From the records below, output exactly the lines starting at the line with "Trước đó, giống" and ending at the line with "3-Storied, Victorian Doll House", both of them included, but no pictures.
** Opening Data records block **
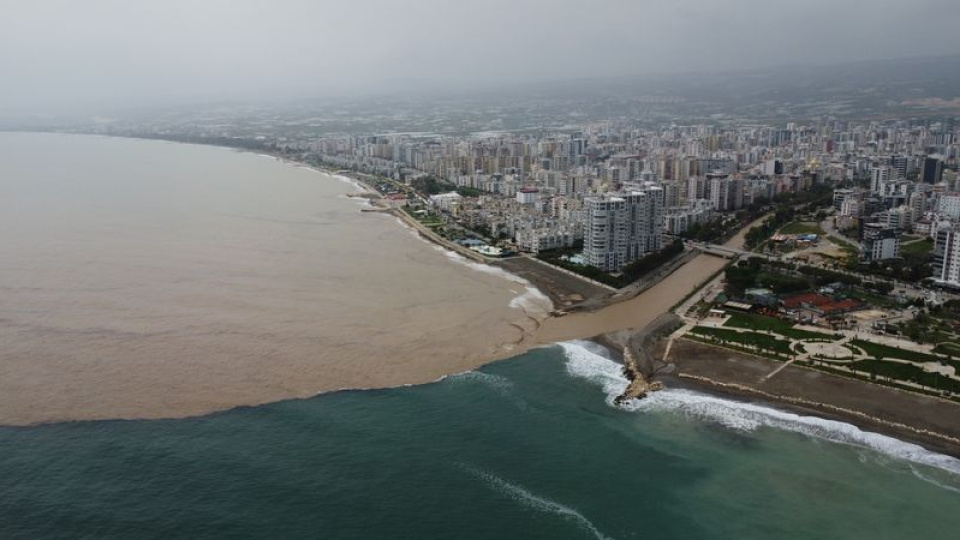 Akdeniz kahverengiye büründü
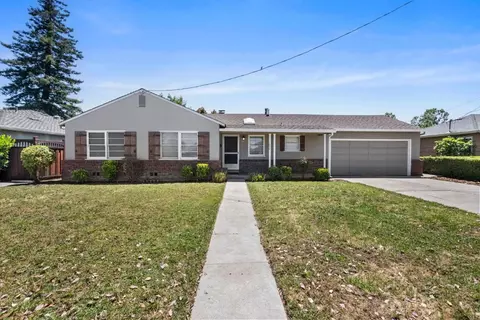 1072 Ridgeley Dr, Campbell, CA 95008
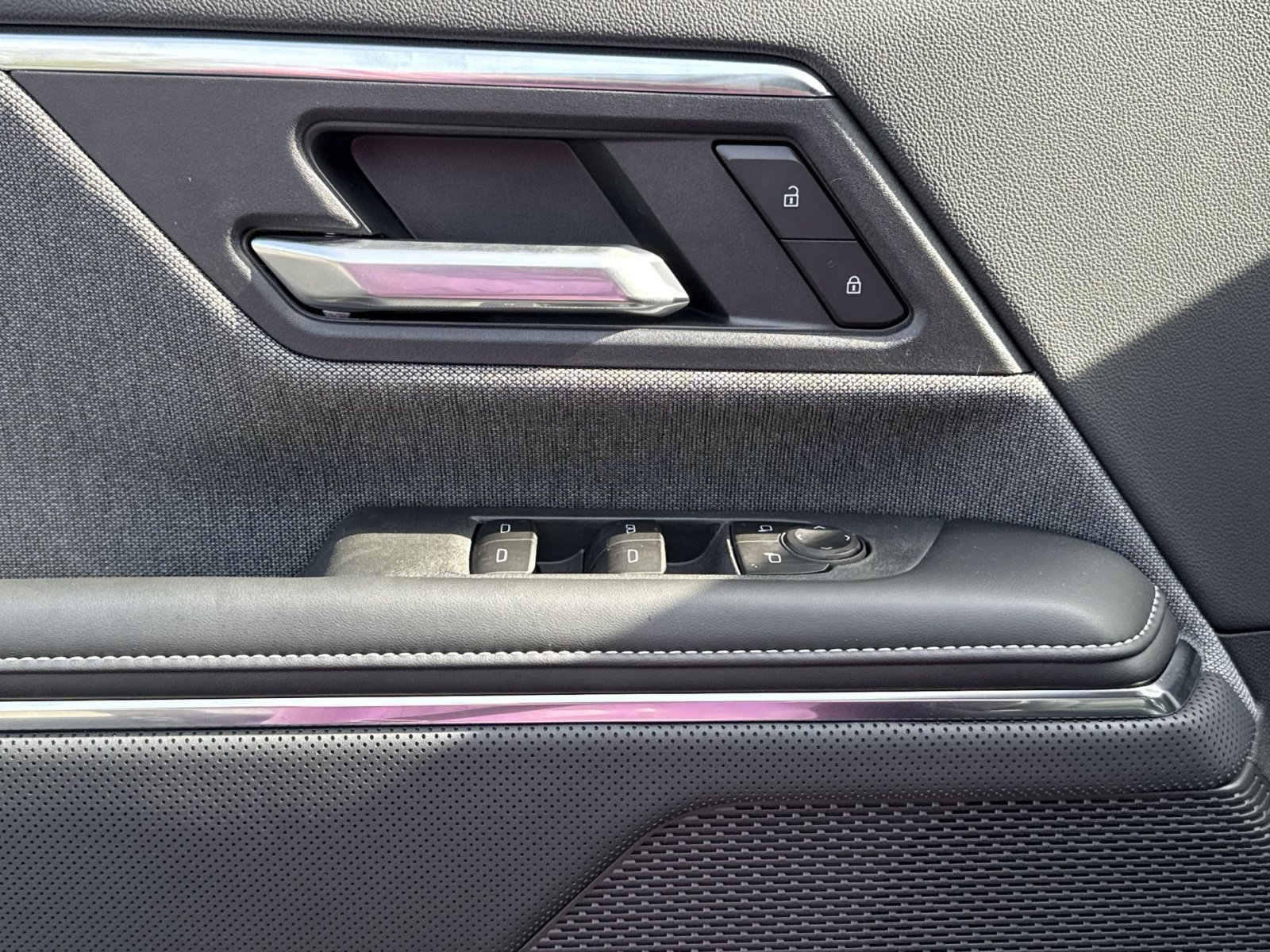 2026 GMC Sierra EV Elevation - Photo 9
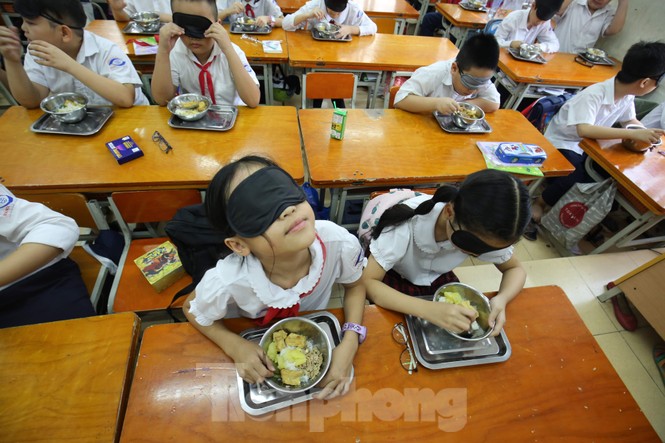 Xúc động với trải nghiệm bữa ăn bóng tối của học sinh - ảnh 3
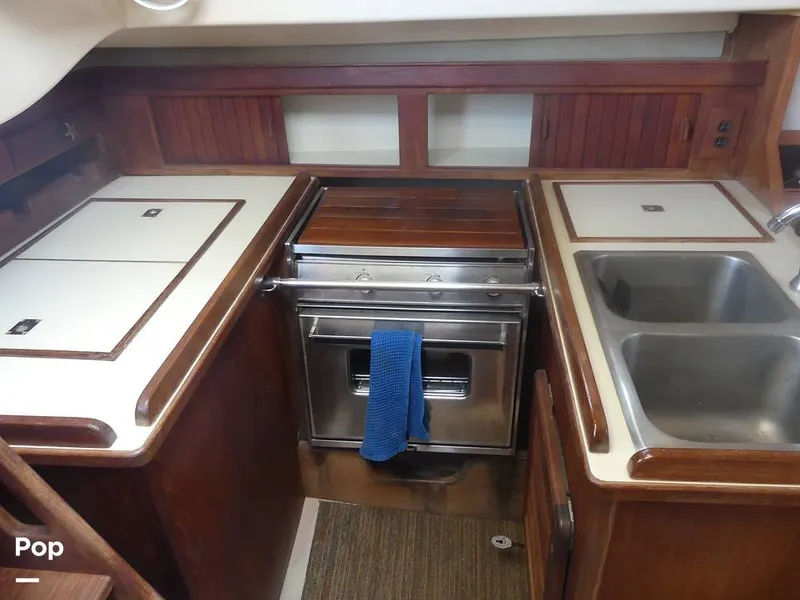 Slide: The Image of Island Packet 31 1987 - 15427407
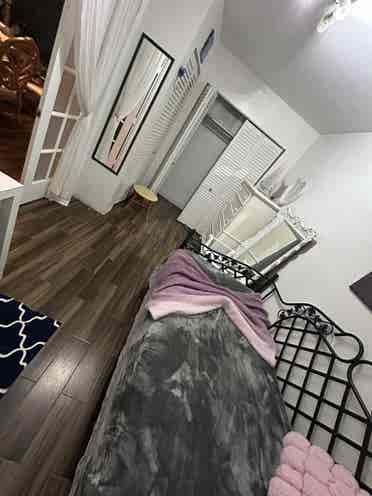 Room in  apartment Miami Beach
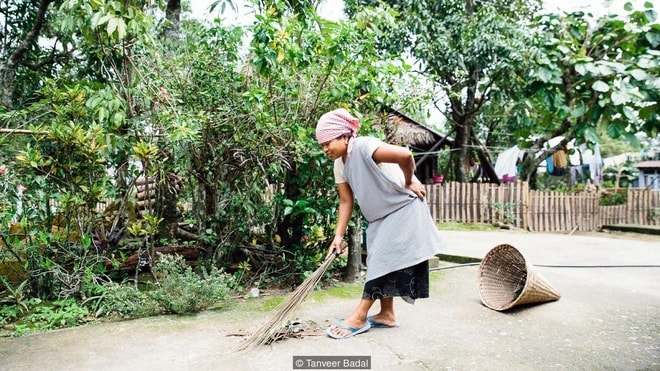 Trước đó, giống như nhiều nơi khác ở Ấn Độ, đường sá ở Mawlynnong cũng đầy phân bò, rác rưởi, chai lọ. Rác ở Ấn Độ nhiều đến nỗi Thủ tướng Modi quyết định triển khai một kế hoạch đầy tham vọng Swachh Bharat Abhiyan (Chương trình dọn sạch Ấn Độ) vào tháng 10/2014, với quyết tâm làm sạch các thành phố lớn của đất nước trước khi tới lễ kỷ niệm sinh nhật lần thứ 150 của người anh hùng dân tộc Mahatma Gandhi năm 2019. 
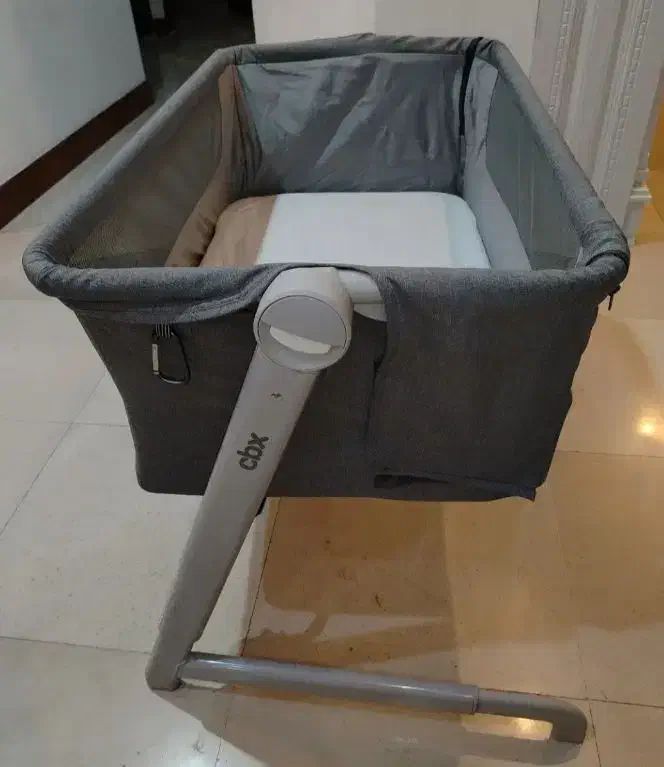 تخت کنار مادر cbx آلمان|تخت و صندلی بچه|تهران, زاهد گیلانی|دیوار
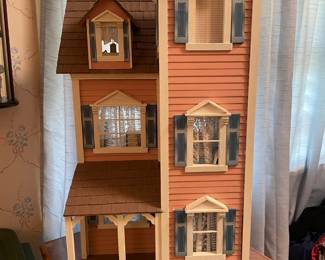 3-Storied, Victorian Doll House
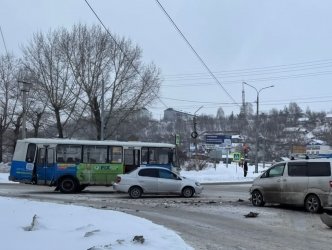 Четверым детям понадобилась помощь медиков в результате ДТП с автобусом в Бийске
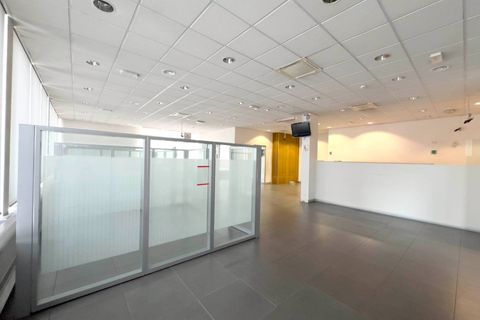 L'establiment comercial a Moncalieri, Turin, Moncalieri - € 10.340/mes | Ref: 13978 - foto 15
** Closing Data records block **
• _Your response_
 Trước đó, giống như nhiều nơi khác ở Ấn Độ, đường sá ở Mawlynnong cũng đầy phân bò, rác rưởi, chai lọ. Rác ở Ấn Độ nhiều đến nỗi Thủ tướng Modi quyết định triển khai một kế hoạch đầy tham vọng Swachh Bharat Abhiyan (Chương trình dọn sạch Ấn Độ) vào tháng 10/2014, với quyết tâm làm sạch các thành phố lớn của đất nước trước khi tới lễ kỷ niệm sinh nhật lần thứ 150 của người anh hùng dân tộc Mahatma Gandhi năm 2019. 
 تخت کنار مادر cbx آلمان|تخت و صندلی بچه|تهران, زاهد گیلانی|دیوار
 3-Storied, Victorian Doll House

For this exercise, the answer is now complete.